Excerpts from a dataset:
###

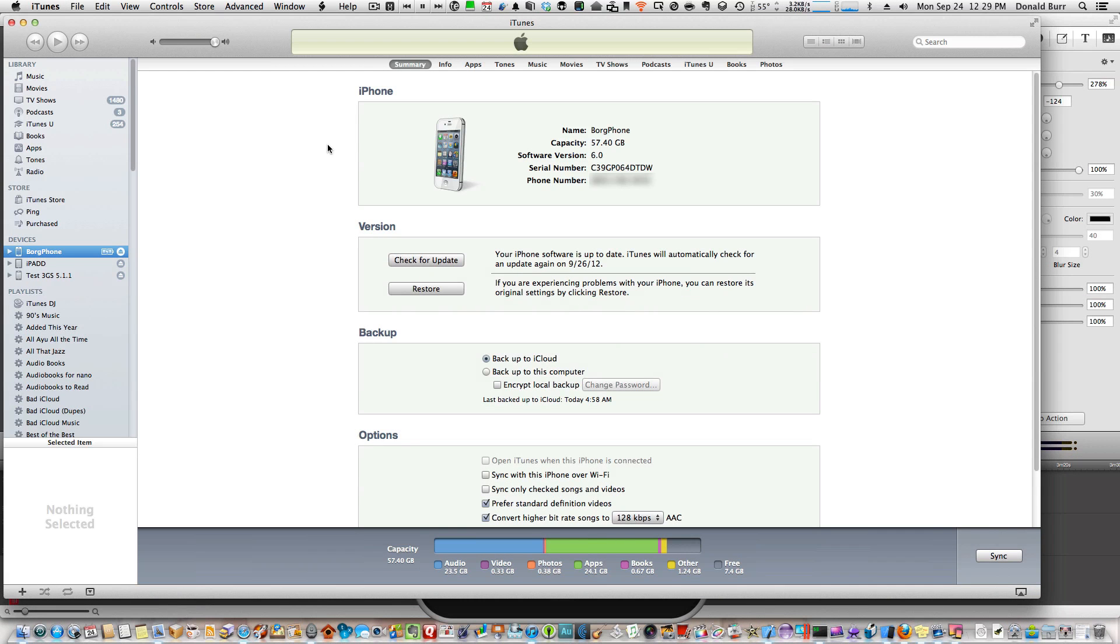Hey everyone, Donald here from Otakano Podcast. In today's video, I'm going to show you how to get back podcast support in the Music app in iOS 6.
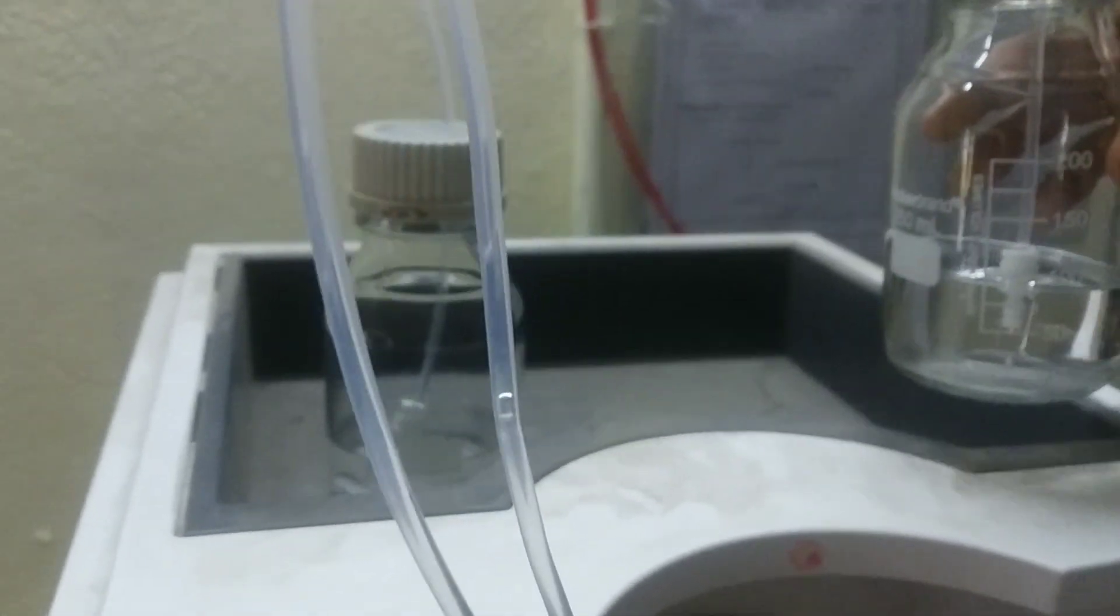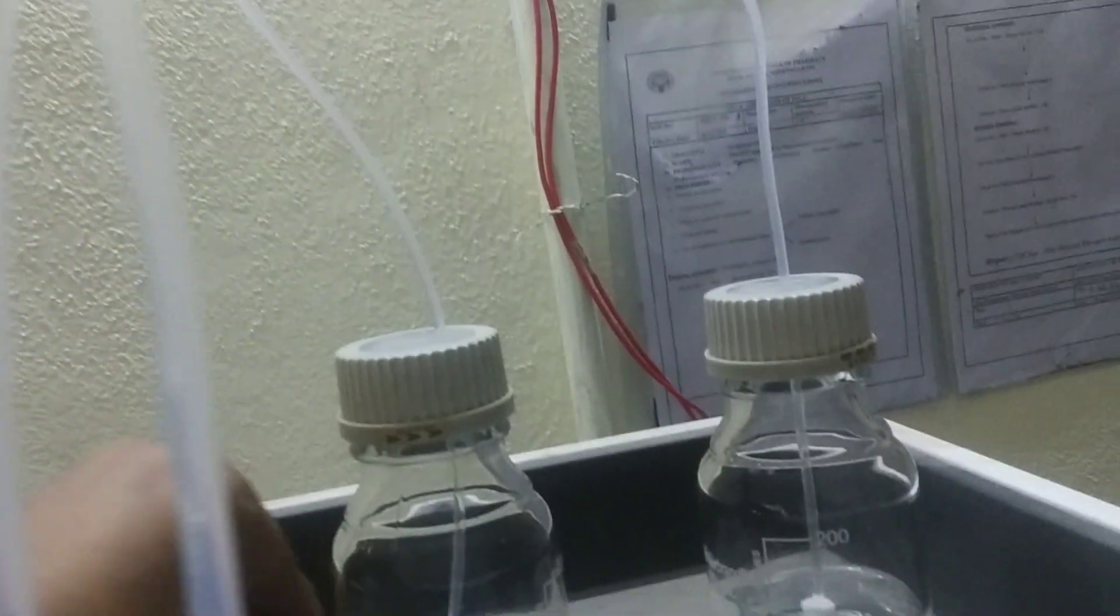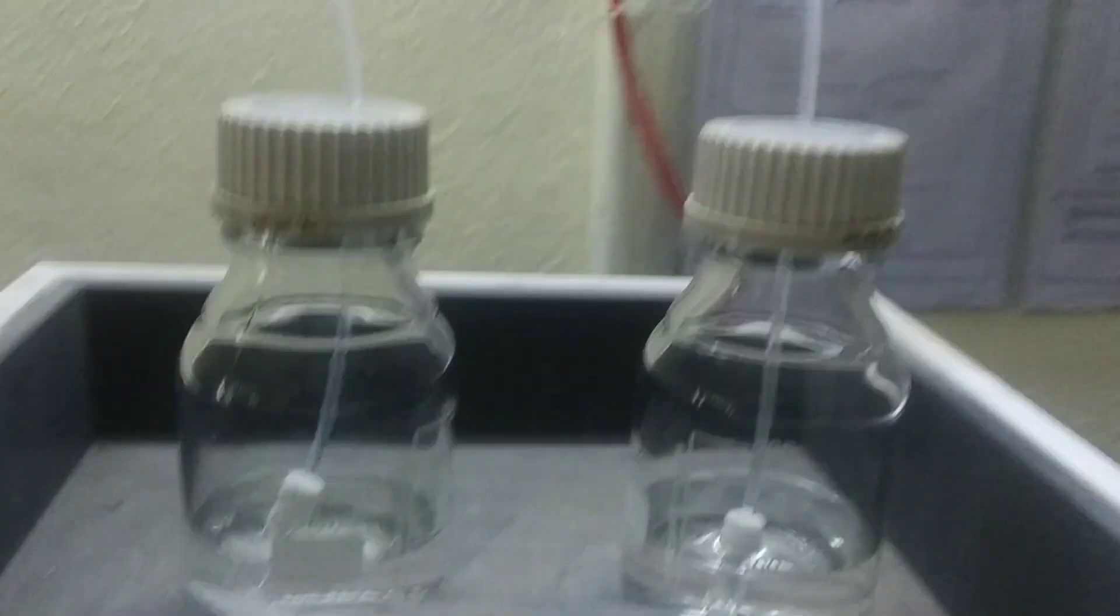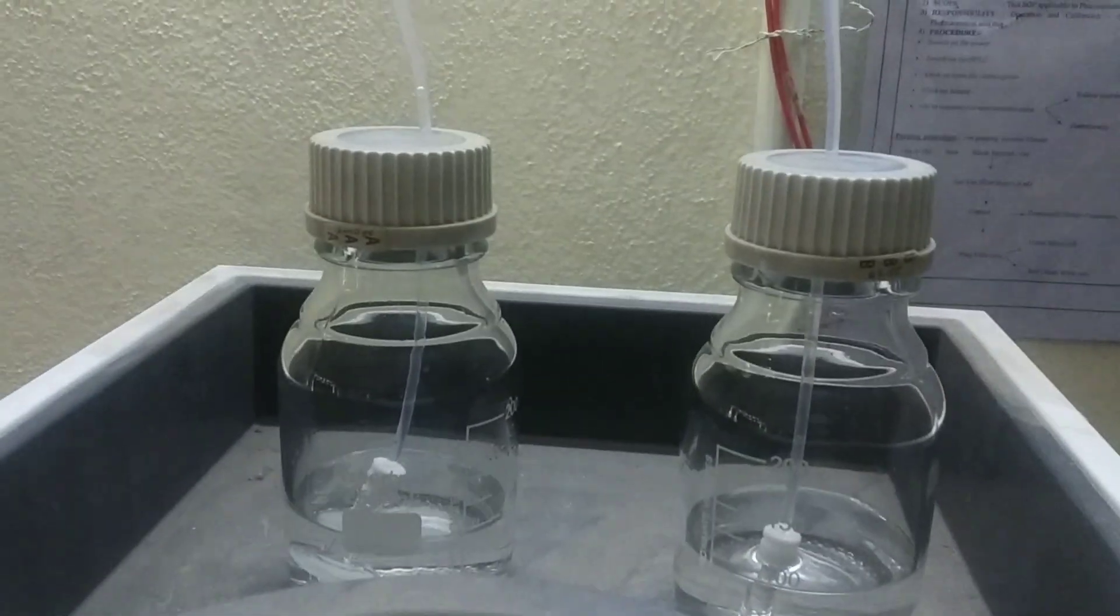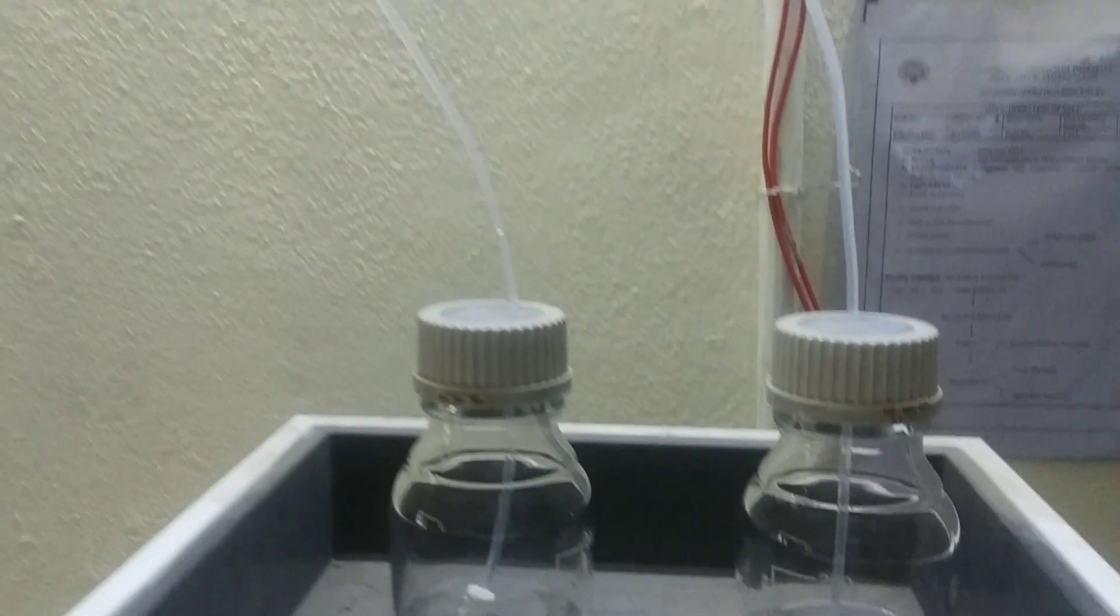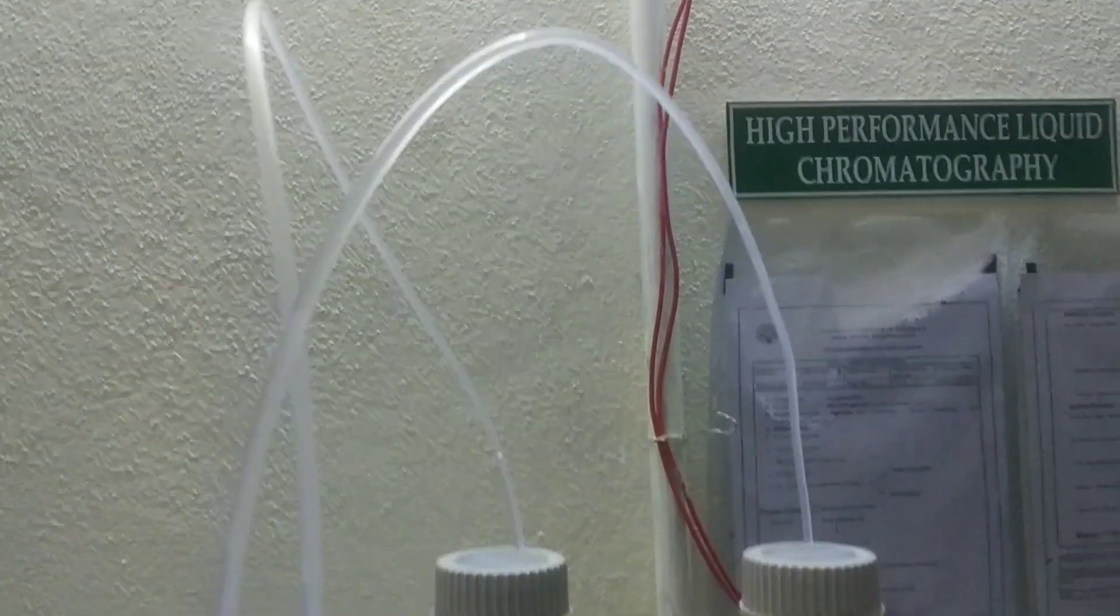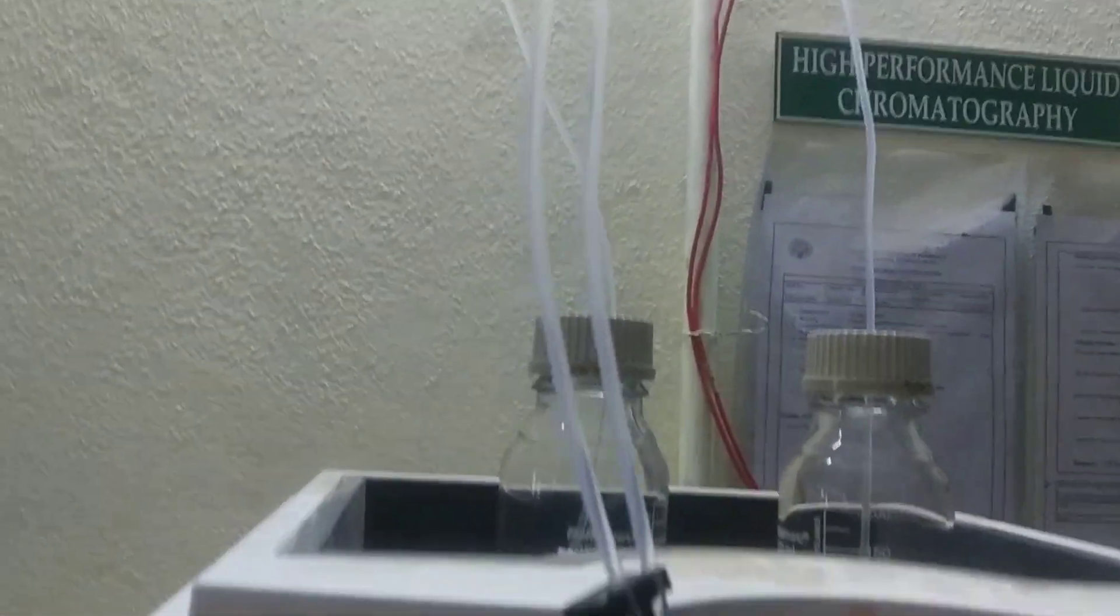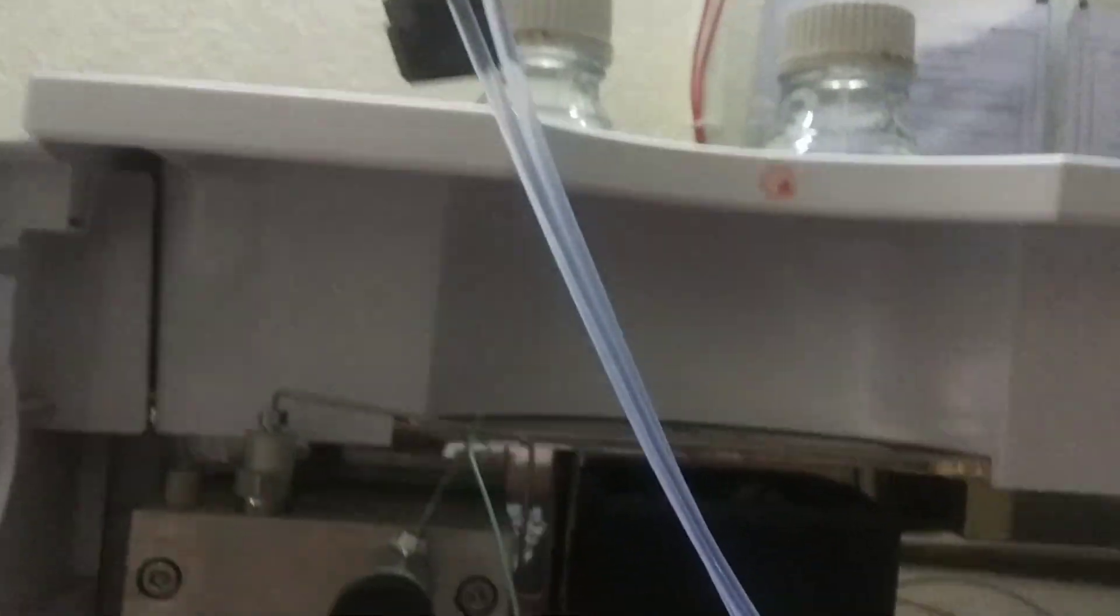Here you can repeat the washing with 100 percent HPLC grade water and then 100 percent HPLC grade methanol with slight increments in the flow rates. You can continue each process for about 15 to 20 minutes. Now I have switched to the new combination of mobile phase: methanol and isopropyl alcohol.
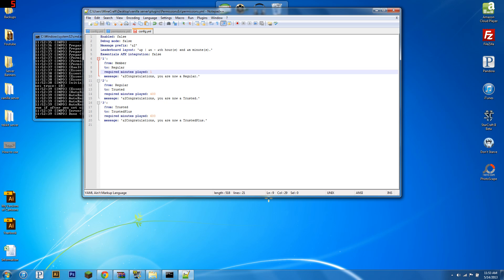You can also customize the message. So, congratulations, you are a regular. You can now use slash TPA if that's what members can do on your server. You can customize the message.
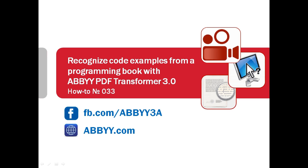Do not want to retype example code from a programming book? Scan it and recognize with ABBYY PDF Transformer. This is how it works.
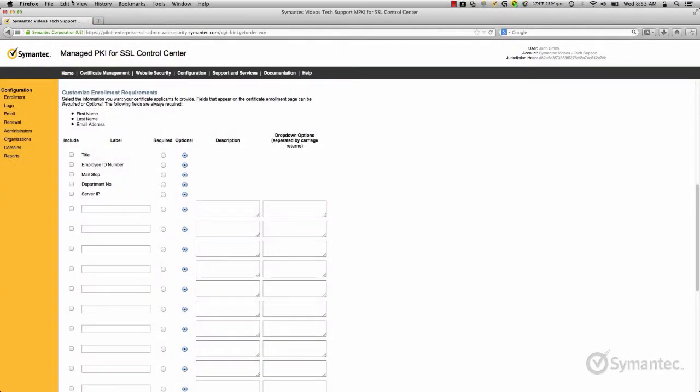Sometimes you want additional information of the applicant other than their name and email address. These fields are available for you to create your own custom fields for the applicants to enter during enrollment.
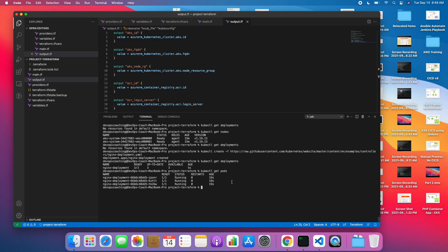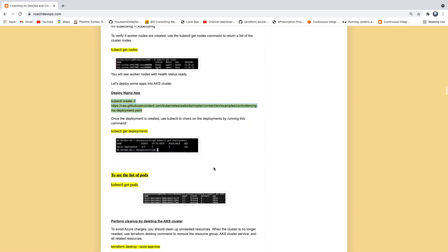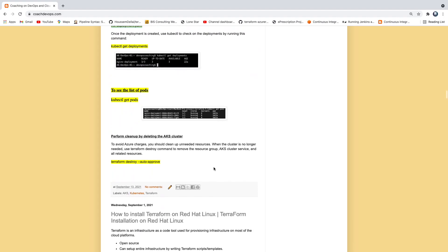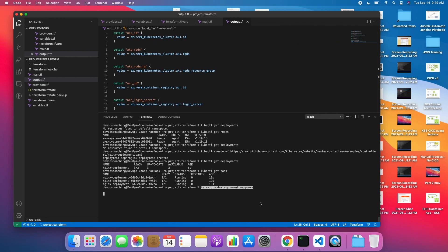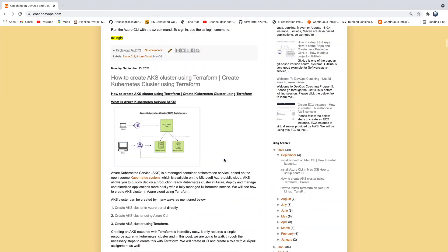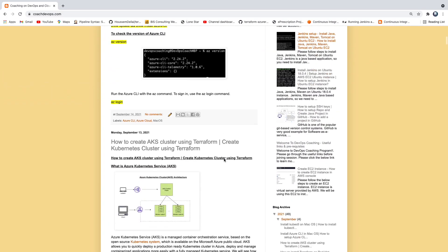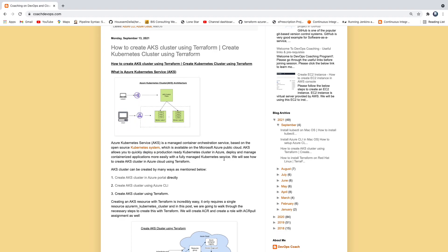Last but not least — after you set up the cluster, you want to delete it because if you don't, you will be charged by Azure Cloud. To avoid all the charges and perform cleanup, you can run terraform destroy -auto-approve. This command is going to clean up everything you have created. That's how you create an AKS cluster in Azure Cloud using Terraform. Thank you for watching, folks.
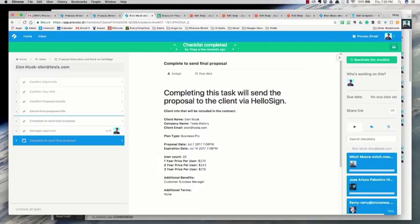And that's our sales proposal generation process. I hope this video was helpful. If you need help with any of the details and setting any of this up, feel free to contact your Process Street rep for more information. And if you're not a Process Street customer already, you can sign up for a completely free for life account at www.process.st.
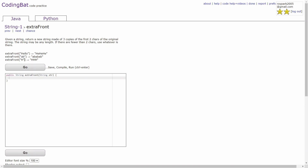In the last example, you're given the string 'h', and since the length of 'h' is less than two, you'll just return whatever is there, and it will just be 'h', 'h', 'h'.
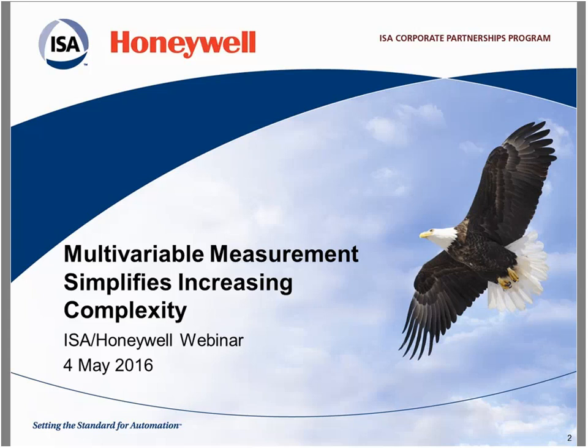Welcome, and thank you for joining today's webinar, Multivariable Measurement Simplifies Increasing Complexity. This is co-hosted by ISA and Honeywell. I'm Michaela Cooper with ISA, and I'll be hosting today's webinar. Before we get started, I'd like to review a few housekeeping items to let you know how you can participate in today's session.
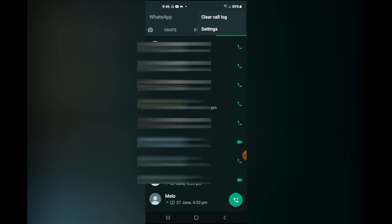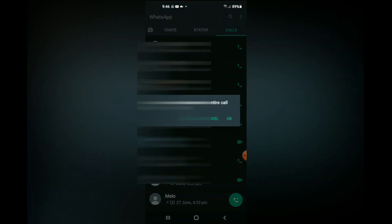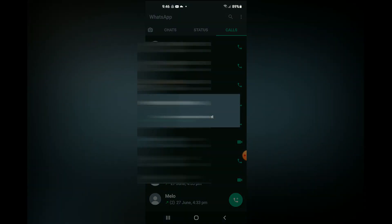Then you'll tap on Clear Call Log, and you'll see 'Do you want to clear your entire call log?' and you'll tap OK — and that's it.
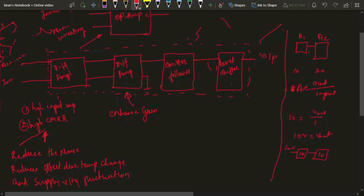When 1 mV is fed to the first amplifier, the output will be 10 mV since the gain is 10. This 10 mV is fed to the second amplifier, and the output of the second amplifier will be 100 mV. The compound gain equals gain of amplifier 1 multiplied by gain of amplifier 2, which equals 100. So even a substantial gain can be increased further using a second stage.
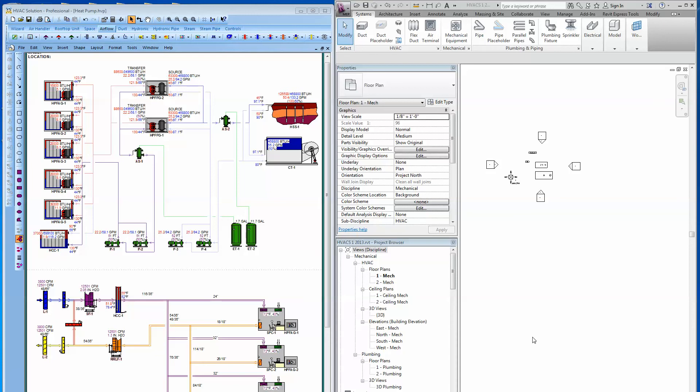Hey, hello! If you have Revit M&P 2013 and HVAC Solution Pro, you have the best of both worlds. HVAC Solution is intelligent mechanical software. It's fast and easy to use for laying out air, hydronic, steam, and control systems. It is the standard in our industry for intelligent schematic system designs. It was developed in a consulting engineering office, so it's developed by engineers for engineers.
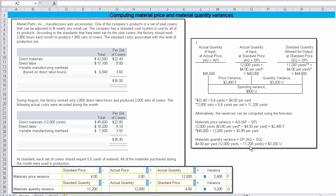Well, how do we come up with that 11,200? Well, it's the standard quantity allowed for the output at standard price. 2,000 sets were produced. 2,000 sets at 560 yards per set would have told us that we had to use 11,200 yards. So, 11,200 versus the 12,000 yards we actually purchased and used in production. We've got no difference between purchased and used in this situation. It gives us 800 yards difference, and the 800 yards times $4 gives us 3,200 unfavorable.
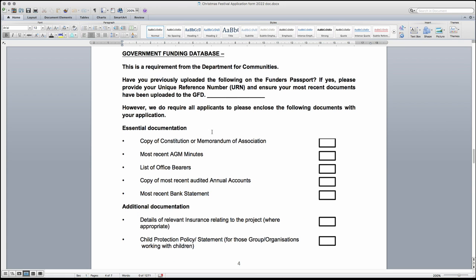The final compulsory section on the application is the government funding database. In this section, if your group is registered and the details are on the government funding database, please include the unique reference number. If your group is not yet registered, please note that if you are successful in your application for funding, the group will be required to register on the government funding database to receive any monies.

###

• _What you should do_
Return the data exactly. Pictures stay out.

• _Output of the task_
Hey everyone, Donald here from Otakano Podcast. In today's video, I'm going to show you how to get back podcast support in the Music app in iOS 6.
Here you can repeat the washing with 100 percent HPLC grade water and then 100 percent HPLC grade methanol with slight increments in the flow rates. You can continue each process for about 15 to 20 minutes. Now I have switched to the new combination of mobile phase: methanol and isopropyl alcohol.
You can also customize the message. So, congratulations, you are a regular. You can now use slash TPA if that's what members can do on your server. You can customize the message.
Do not want to retype example code from a programming book? Scan it and recognize with ABBYY PDF Transformer. This is how it works.
Sometimes you want additional information of the applicant other than their name and email address. These fields are available for you to create your own custom fields for the applicants to enter during enrollment.
Last but not least — after you set up the cluster, you want to delete it because if you don't, you will be charged by Azure Cloud. To avoid all the charges and perform cleanup, you can run terraform destroy -auto-approve. This command is going to clean up everything you have created. That's how you create an AKS cluster in Azure Cloud using Terraform. Thank you for watching, folks.
And that's our sales proposal generation process. I hope this video was helpful. If you need help with any of the details and setting any of this up, feel free to contact your Process Street rep for more information. And if you're not a Process Street customer already, you can sign up for a completely free for life account at www.process.st.
In the last example, you're given the string 'h', and since the length of 'h' is less than two, you'll just return whatever is there, and it will just be 'h', 'h', 'h'.
Welcome, and thank you for joining today's webinar, Multivariable Measurement Simplifies Increasing Complexity. This is co-hosted by ISA and Honeywell. I'm Michaela Cooper with ISA, and I'll be hosting today's webinar. Before we get started, I'd like to review a few housekeeping items to let you know how you can participate in today's session.
Then you'll tap on Clear Call Log, and you'll see 'Do you want to clear your entire call log?' and you'll tap OK — and that's it.
When 1 mV is fed to the first amplifier, the output will be 10 mV since the gain is 10. This 10 mV is fed to the second amplifier, and the output of the second amplifier will be 100 mV. The compound gain equals gain of amplifier 1 multiplied by gain of amplifier 2, which equals 100. So even a substantial gain can be increased further using a second stage.
Hey, hello! If you have Revit M&P 2013 and HVAC Solution Pro, you have the best of both worlds. HVAC Solution is intelligent mechanical software. It's fast and easy to use for laying out air, hydronic, steam, and control systems. It is the standard in our industry for intelligent schematic system designs. It was developed in a consulting engineering office, so it's developed by engineers for engineers.
Well, how do we come up with that 11,200? Well, it's the standard quantity allowed for the output at standard price. 2,000 sets were produced. 2,000 sets at 560 yards per set would have told us that we had to use 11,200 yards. So, 11,200 versus the 12,000 yards we actually purchased and used in production. We've got no difference between purchased and used in this situation. It gives us 800 yards difference, and the 800 yards times $4 gives us 3,200 unfavorable.
The final compulsory section on the application is the government funding database. In this section, if your group is registered and the details are on the government funding database, please include the unique reference number. If your group is not yet registered, please note that if you are successful in your application for funding, the group will be required to register on the government funding database to receive any monies.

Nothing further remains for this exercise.